Reb Yankl Schmoune consideró el problema con toda la seriedad que el caso requería.
— Hijo mío —terminó por decir al pobre Youkl—, prométeme hacer lo que te voy a decir y te juro que tu situación mejorará.
— Te lo juro, rebbe —exclamó el pobre Youkl—. Haré lo que sea. ¡Dime qué tengo que hacer!
— Oye —preguntó el rebbe—, ¿tienes animales?
— Una vaca, un macho cabrío y unas gallinas.
— Muy bien, excelente. Regresa a tu casa inmediatamente y mete todos los animales en la casa. En adelante vivirán con vosotros.
 
 
El pobre Youkl, desesperado, sorprendido por el consejo del rebbe, no pudo dejar de obedecer. Ya en la casa tomó la vaca, el macho cabrío y las gallinas. Inútil decir que su presencia no hizo más que empeorar la cosa por mil. Al día siguiente Youkl volvió a ver al rebbe.
— Rebbe, rebbe —exclamó—. Tú has hecho que se agravara nuestra desgracia. Hice lo que me dijiste, llevé los animales a casa. ¿Con qué resultado? ¡Las cosas han empeorado! Mi vida es un auténtico infierno. Mi casa es un establo. ¡Socórreme, rebbe, por favor!

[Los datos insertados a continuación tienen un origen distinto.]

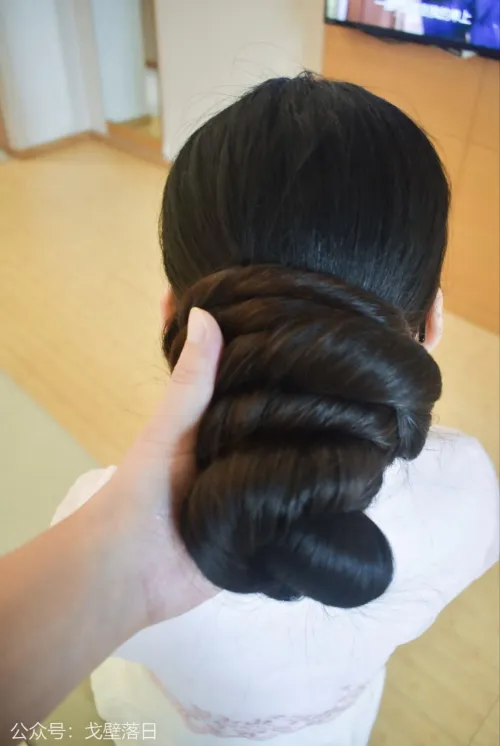 Need a beautiful bun to hold this one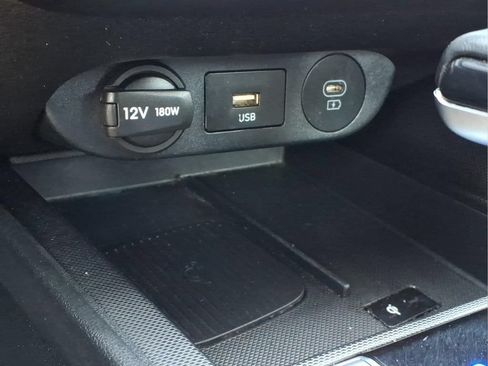 Used 2025 Hyundai Elantra SEL FWD image 17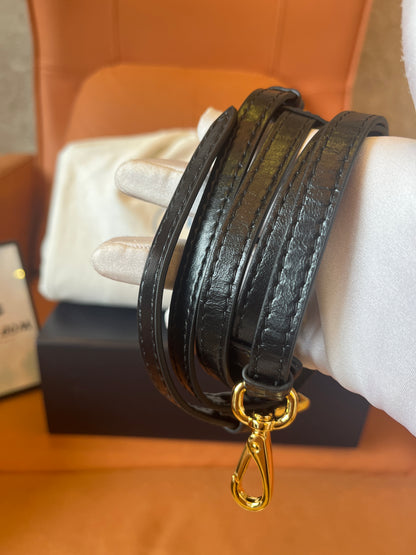 Bolsa pequena de couro macio luxuosa preta Prada para mulheres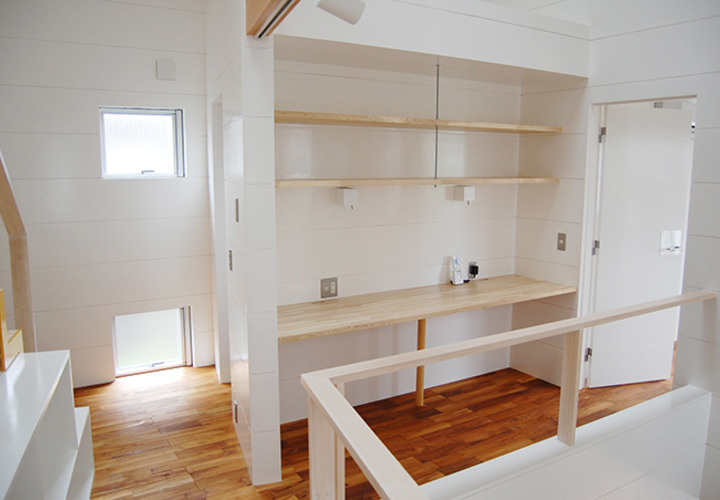 吹き抜け部分にあるワークスペース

— Hijo mío —le dijo el rabino calmosamente—, regresa a tu casa y saca las gallinas de ella. Dios te ayudará. El pobre Youkl regresó a su casa y sacó las gallinas. Pero al día siguiente volvió a la casa del rabino.

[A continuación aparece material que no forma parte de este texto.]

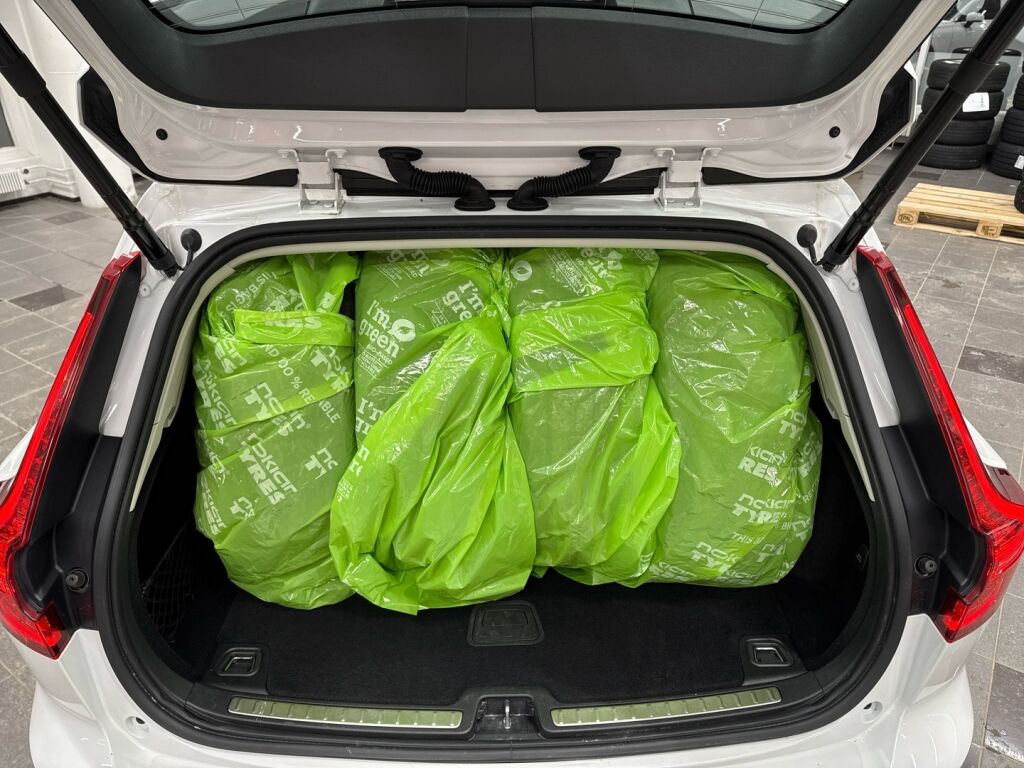 Volvo V60 2021 Valkoinen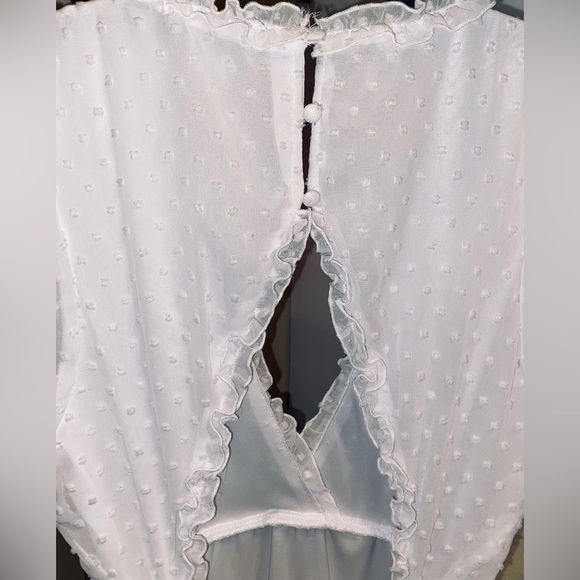 White Dress with back cutout - Picture 2 of 5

— Rebbe, rebbe, ayúdame, sálvame. Saqué las gallinas pero la cabra lo rompe todo. Nos apesta con su olor. Mi vida es un infierno por su culpa.
— Regresa a tu casa —dijo el rebbe con calma—, y saca la cabra. ¡Sobre todo que no entre ya más! Y seguro que Dios vendrá en tu ayuda.
Youkl volvió a la casa y echó la cabra. Pero al día siguiente regresó de nuevo a casa de su rebbe, lamentándose a gritos:
— Rebbe, rebbe, ¡qué desgracia la nuestra! Finalmente me he visto libre de la cabra, pero ¡ y la vaca! La vaca ha convertido mi casa en un establo. ¡Boñigas por todas partes! ¿Cómo va a poder vivir decentemente un ser humano junto a un animal? Por favor, rebbe, ¡tienes que hacer algo por nosotros!
— Tienes razón, hijo mío, tienes toda la razón —contestó el rebbe—. Vuelve a tu casa y saca inmediatamente la vaca. ¡Que se vaya al diablo!
Youkl corrió veloz a su casa y sacó de ella la vaca. A la mañana siguiente estaba de nuevo en casa del rabino.
— Rebbe, rebbe —exclamó gozoso—. ¡Que bueno el consejo que me diste! Mi vida finalmente es tranquila, muy tranquila. Ahora que han salido todos los animales, la casa resulta apacible, amplia, limpia. ¡Huele tan bien! Da gusto, de veras.

Fuente: Ben Zimet, Cuentos del pueblo judío.